Я решительно сказал:
— Ладно, дедушка, это беру на себя. Постараюсь, чтобы у вас в саду никакой пивной не было. Но писать заявление в Совет Министров мы не будем. Уверяю вас, там и без вашего заявления много дел.
Почувствовав в моем голосе твердость, дедушка Зиё сразу согласился. Он даже, кажется, обрадовался, увидев, что я всерьез взялся за дело.
Я написал письмо председателю горисполкома от своего имени, то есть от имени учителя такой-то школы. Я написал, что старый пенсионер согласен, чтобы на его участке было построено нужное городу здание, но только категорически возражает против постройки пивной.
Теперь надо было заняться поручением дядюшки Ахрора.
Я совершенно не представлял себе, как писать фельетон. Одно было ясно: мой корреспондентский опыт здесь не поможет. Требовалось что-то совсем другое.
Всё чаще и чаще проклинал я тот день, когда решил переехать на эту квартиру. Как говорится, потянулся на запах шашлыка, а пришел и увидел — осла клеймят. Вот так и у меня. Моя дорогая супруга уговорила поселиться здесь. Я согласился, думая, что уж здесь-то можно будет спокойно жить и работать. Но теперь с каждым днем становилось ясней, что, пока будем жить здесь, ни о каком покое нечего и мечтать.
Прежде, бывало, если я сталкивался с чем-то, о чем считал нужным написать, я дожидался свободного времени и писал спокойно, без спешки. А теперь чувствовал, что завишу уже не только от себя — появились такие опекуны, которые мне, что называется, дохнуть не дают…
Правда, эти мрачные мысли одолевали меня не так уж часто. Какое счастье, что человек не бывает все время одинаковым!

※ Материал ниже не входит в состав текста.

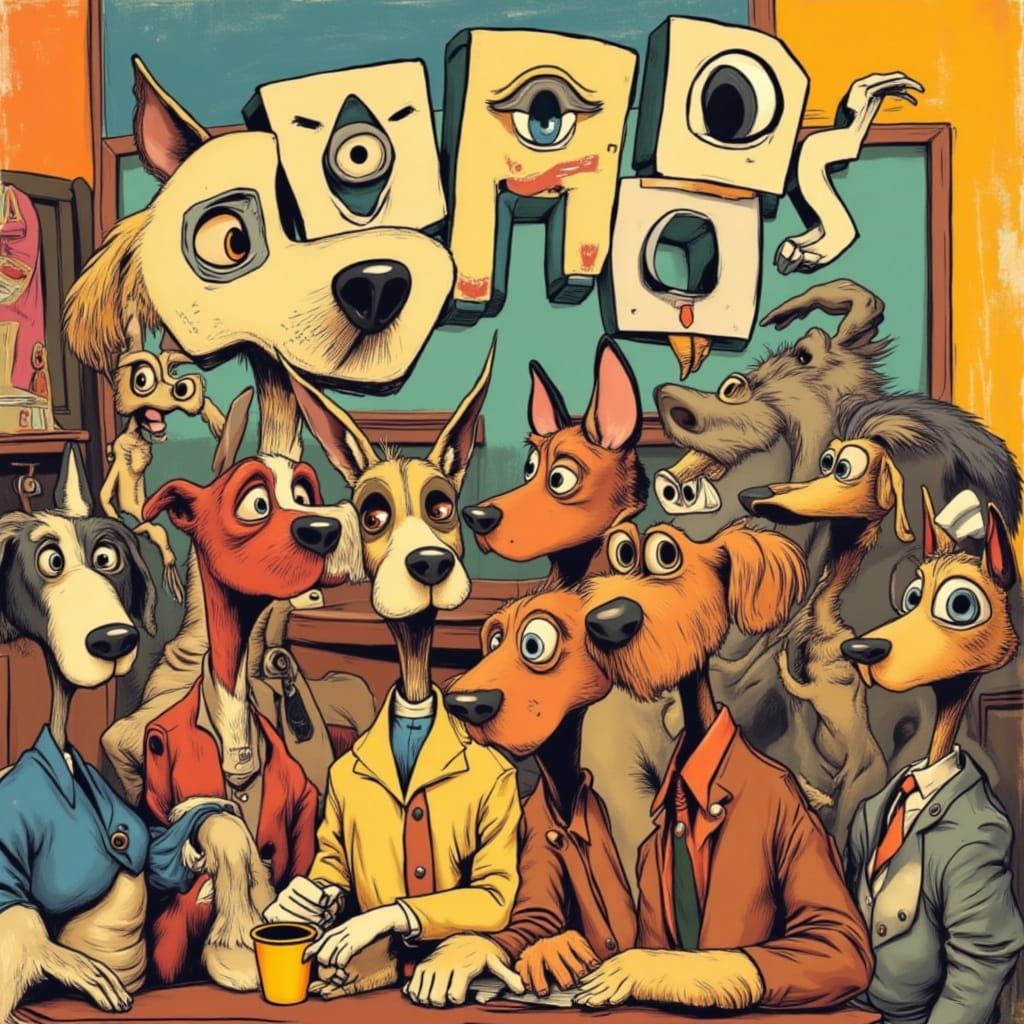 Anthropomorphic Dogs in Classroom, Retro Illustration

Его настроение переменчиво, как весенняя погода: то снег пойдет, то дождь, а то вдруг засияет яркое солнце.
«Эх ты, нытик несчастный! — ругал я себя нередко. — Тебе бы радоваться, что живешь рядом с такими людьми. Они не отгораживаются от жизни забором, они болеют за все, что происходит в большом мире».

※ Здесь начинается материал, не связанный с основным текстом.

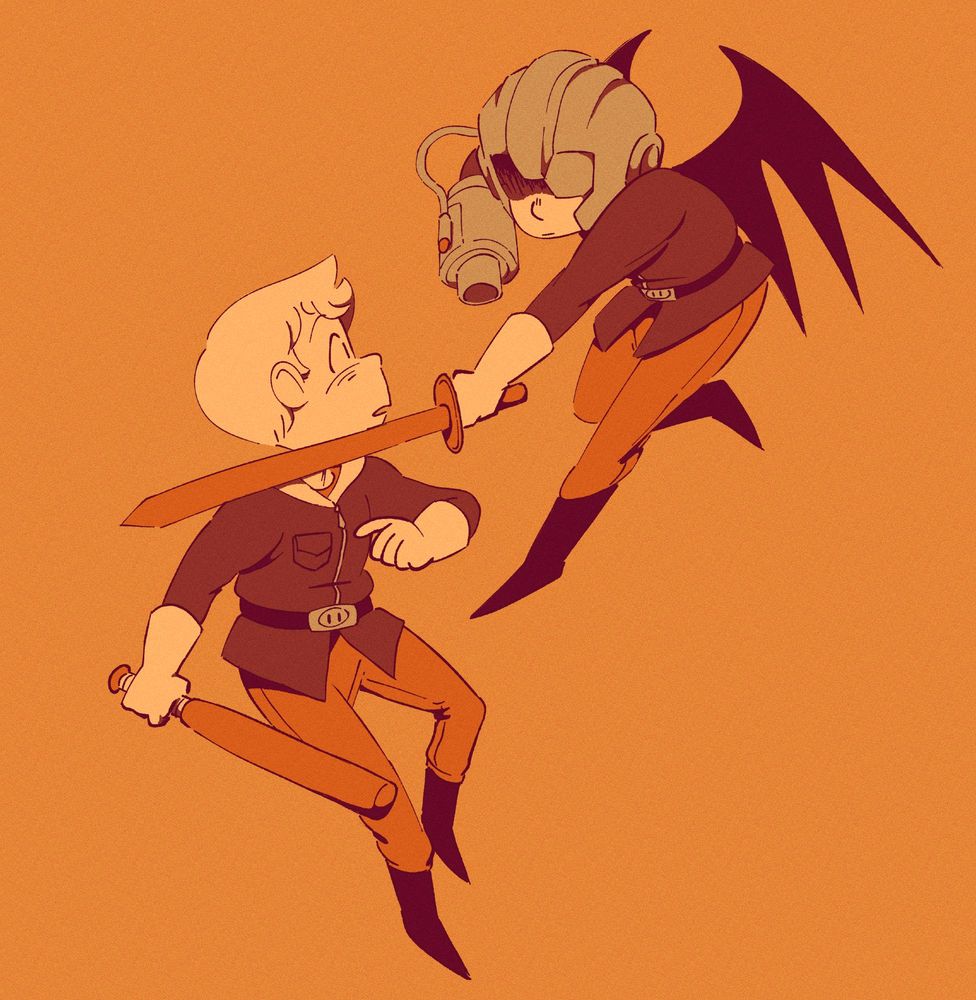 art of lucas, disguised as the commander, facing off against the masked man, the actual commander. lucas looks apprehensive, holding a stick (it's a bat) while the masked man swings his sword at him.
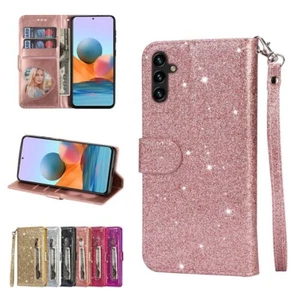 Glitzer Bling Handyhülle Schale Schutz Handy Tasche Handgurt für Samsung A55 A35 - Picture 1 of 22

В самом деле, старикам давно бы пора уже на покой, а их волнуют и беспокоят всякие непорядки. А я, человек молодой, образованный, полный сил, отношусь ко многому хладнокровно, равнодушно.
…Вот, например, несколько дней назад стоял на автобусной остановке. Там сделан длинный деревянный настил вроде суфы. Пассажиры ждут здесь автобуса. Кроме того, настил служит мостиком, по которому можно перейти через арык с дороги на тротуар. Над мостиком разрослась акация, в тени которой всегда прохладно. А напротив, у дороги, на самом солнцепеке, телеграфный столб.

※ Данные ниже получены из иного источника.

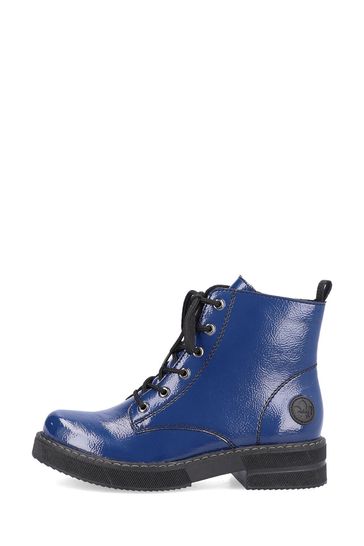 Rieker Womens Blue Zipper Boots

Народу на остановке было мало. Кроме меня, еще двое: колхозник с мешком и русский парень моих лет в европейской шляпе. Мы все стояли в тени, под акацией, а у столба, на самом солнце, сидели на корточках две таджички. Я не обратил на них внимания. Вблизи остановки была лепешечная, от которой доносился аромат горячего хлеба, напоминая о доме, о жене, о тетушке Икбол, которая умела печь удивительно аппетитные лепешки.
Парень в шляпе, прижимая к груди треногу какого-то, очевидно, оптического прибора, беспокойно, и, как мне даже показалось, нервно ходил взад и вперед по мостику. Вдруг он подошел к женщинам и, нагнувшись, сказал им на ломаном русском языке (почему-то считается, что если говорить неправильно, то тебя скорей поймут).
— Почему твоя издесь сидит, апа? Вон там солнца нет, там сидеть надо. — И он показал рукой на мостик.
Женщины молчали, только еще ниже надвинули на лица платки.
Тут я сообразил, что они изнывали на солнце, только чтобы не стоять рядом с посторонними мужчинами, чтобы никто из нас, не дай бог, не осмелился бросить на них взгляд.
На женщинах были национальные платья из яркого атласа, на ногах лакированные туфли, на голове шитые золотом тюбетейки. Но сидели они, тесно прижавшись друг к другу, скорчившись, испуганно озираясь по сторонам, словно попали на эту широкую благоустроенную улицу современного города из далеких веков.